WHAT THE TASK REQUIRES
Starting with the line that has "und von FRCOLOR" in the records below and stopping after the line that has "BELECO 2.5x1.8m Tessuto", output every line exactly and nothing else; skip pictures.

DATA PROVIDED
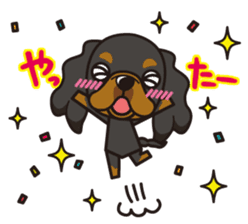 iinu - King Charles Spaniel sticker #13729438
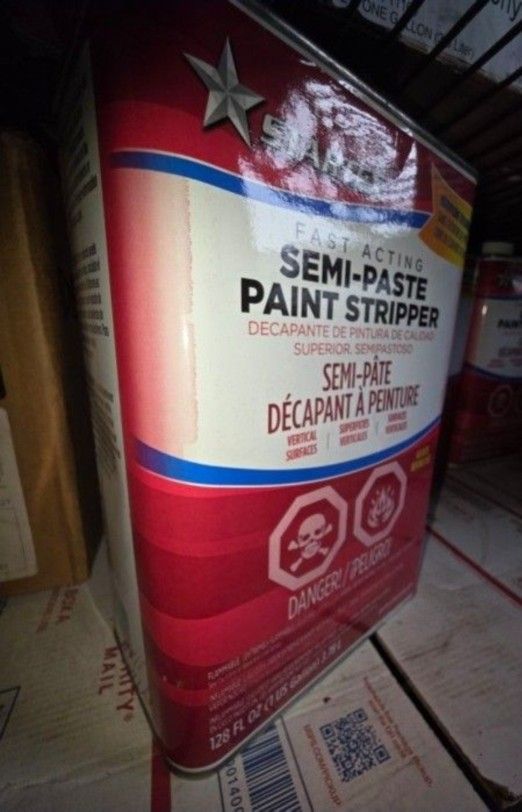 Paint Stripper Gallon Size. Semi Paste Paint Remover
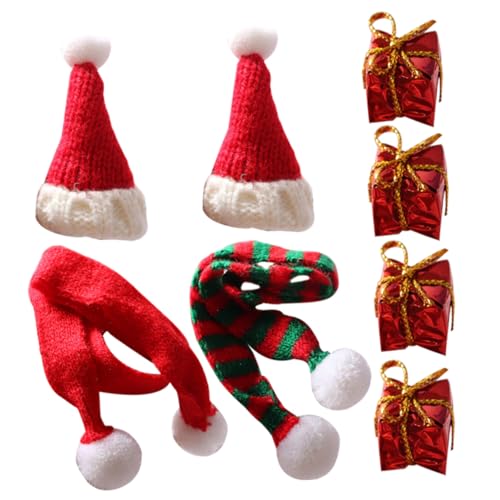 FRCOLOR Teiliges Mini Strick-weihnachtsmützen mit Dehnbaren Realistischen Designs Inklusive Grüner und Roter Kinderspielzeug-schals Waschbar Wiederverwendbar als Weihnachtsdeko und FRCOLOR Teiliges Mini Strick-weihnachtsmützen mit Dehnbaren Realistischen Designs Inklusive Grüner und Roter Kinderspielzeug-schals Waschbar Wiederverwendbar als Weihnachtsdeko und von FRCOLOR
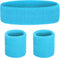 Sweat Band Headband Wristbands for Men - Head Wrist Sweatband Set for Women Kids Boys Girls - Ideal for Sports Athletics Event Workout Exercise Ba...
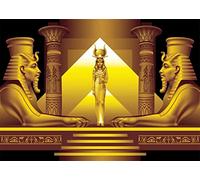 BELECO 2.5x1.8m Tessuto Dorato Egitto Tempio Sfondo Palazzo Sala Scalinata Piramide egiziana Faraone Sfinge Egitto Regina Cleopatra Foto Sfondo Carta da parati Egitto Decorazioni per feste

* * *

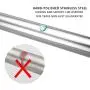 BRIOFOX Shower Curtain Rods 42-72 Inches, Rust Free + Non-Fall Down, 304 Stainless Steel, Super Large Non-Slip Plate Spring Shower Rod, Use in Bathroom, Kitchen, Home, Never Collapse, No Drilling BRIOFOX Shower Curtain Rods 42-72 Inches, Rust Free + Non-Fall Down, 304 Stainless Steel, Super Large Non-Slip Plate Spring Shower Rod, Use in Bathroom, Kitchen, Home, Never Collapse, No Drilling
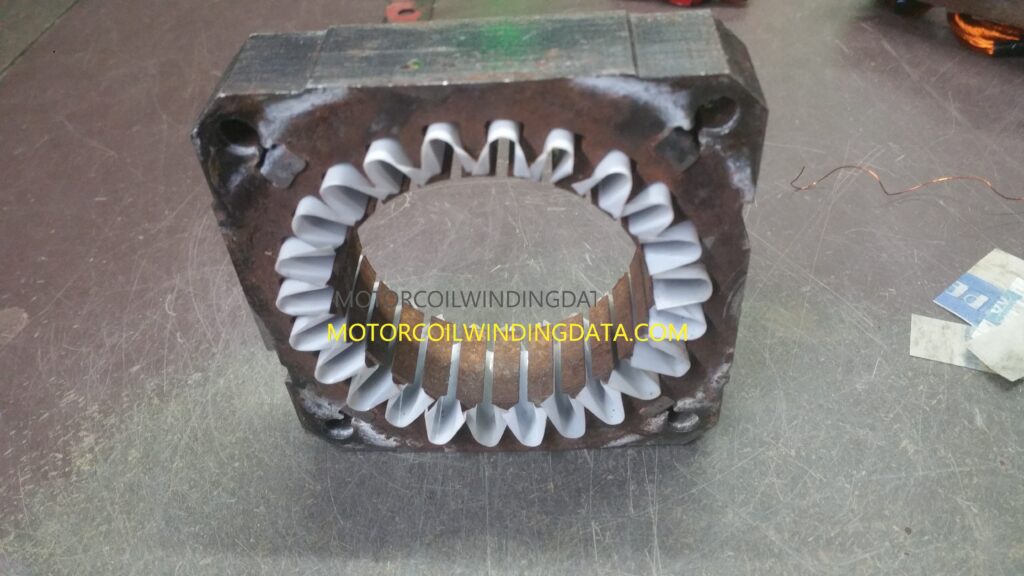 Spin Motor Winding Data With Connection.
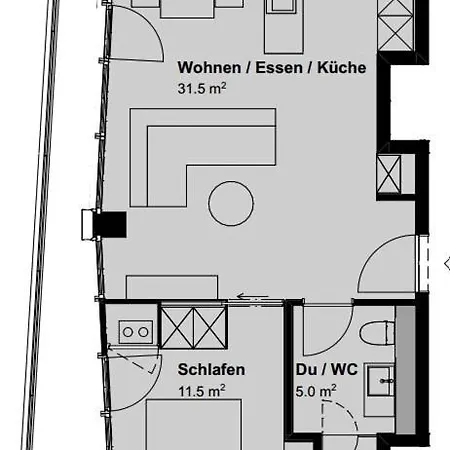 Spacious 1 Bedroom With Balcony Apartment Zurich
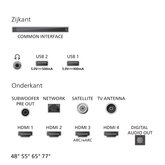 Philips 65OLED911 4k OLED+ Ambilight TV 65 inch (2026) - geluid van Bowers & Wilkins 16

ANSWER SPACE
 FRCOLOR Teiliges Mini Strick-weihnachtsmützen mit Dehnbaren Realistischen Designs Inklusive Grüner und Roter Kinderspielzeug-schals Waschbar Wiederverwendbar als Weihnachtsdeko und FRCOLOR Teiliges Mini Strick-weihnachtsmützen mit Dehnbaren Realistischen Designs Inklusive Grüner und Roter Kinderspielzeug-schals Waschbar Wiederverwendbar als Weihnachtsdeko und von FRCOLOR
 Sweat Band Headband Wristbands for Men - Head Wrist Sweatband Set for Women Kids Boys Girls - Ideal for Sports Athletics Event Workout Exercise Ba...
 BELECO 2.5x1.8m Tessuto Dorato Egitto Tempio Sfondo Palazzo Sala Scalinata Piramide egiziana Faraone Sfinge Egitto Regina Cleopatra Foto Sfondo Carta da parati Egitto Decorazioni per feste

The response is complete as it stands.